17-inch Impression in Log found
by Rick Noll. NOTE: Noll's bootprint is
visible to the left of the impression.
Photo by Rick Noll.

Fish also took a lenghty hike, travelling northeast around the northern end of Hilltop, and towards Skookum Meadow. His walked turned up some interesting prints, but nothing conclusive. Meanwhile, a few participants had decided to travel to the small town of Eagles Cliff to take advantage of their shower facilities.

After lunch Noll, Lemley and Bambenek did some exploring to the west of basecamp, via Noll's vehicle. The cloud cover had steadily increased throughout the morning, and it was now completely overcast. They managed to find an old logging road that took them out to the edge of the ridge located directly west of the encampment. They walked out to the end of the overgrown road, and located a rocky outcrop that offered an excellent view of basecamp and the clearcut surrounding it. While checking out another small road that spurred off of this one, they located an abandoned campsite. There was a good deal of debris left behind by the occupants, including a tent, clothing, magazines, and trash. It appeared to have been left from several months prior.

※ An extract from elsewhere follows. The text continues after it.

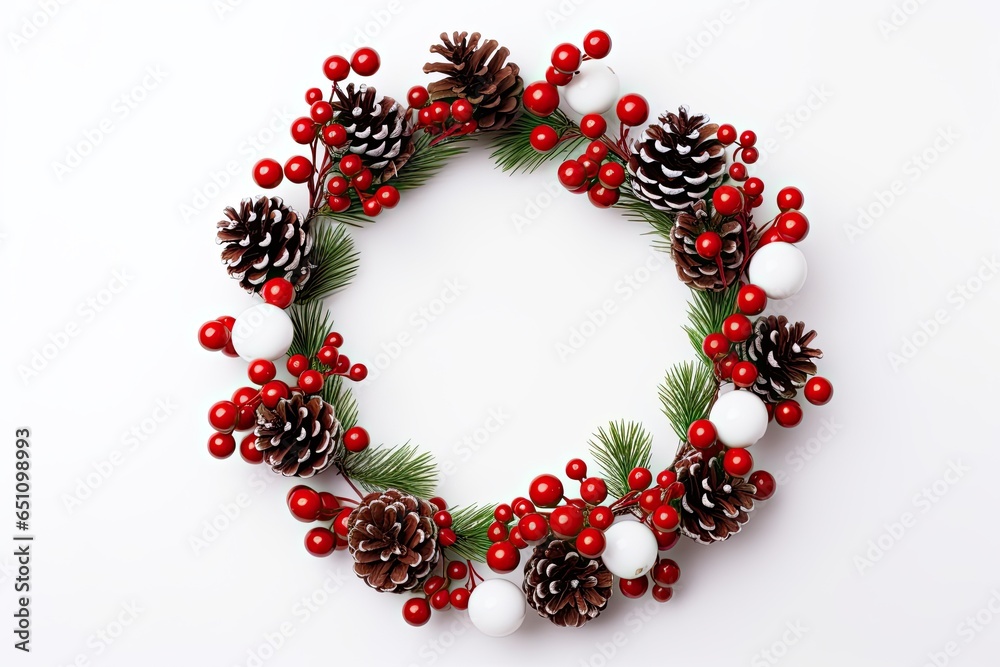 A Christmas wreath with red berries and pine cone, with a white background. Generative AI A Christmas wreath with red berries and pine cone, with a white background. Generative AI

Noll, Lemley and Bambenek returned to camp. After some brief discussion, it was decided that the Thermal and Infra-red cameras should be placed on the rocky outcropping overlooking the clearcut. This location became known as Ridgetop. Lemley, returned to Ridgetop, accompanied by Fish, and Pugsley and Searle from the film crew. All agreed that this would be the best vantage point to film from after dark.

View of Basecamp from Ridgetop.
Photo by Dr. LeRoy Fish.

Alan Terry arrived at 6 PM to join the expedition for the next 2 days. Terry had been considerable help to the group already, as he had arranged for our communications gear, courtesy of Furuno USA, and had also managed to round up a couple of 130 lb deep-cycle batteries that we used to recharge all of the camcorder and radio batteries.

After dinner, the group set about tending to their assignments. Henick and Powell hiked back into Skookum Meadow, Terry and Bambenek manned Hilltop, and Lemley took the film crew up to Ridgetop. Moneymaker, Noll, Randles, and Fish stayed in basecamp. The broadcasting system had been moved from Hilltop to the end of the road near basecamp, with the hope that an animal in the area could be drawn in close for the cameras.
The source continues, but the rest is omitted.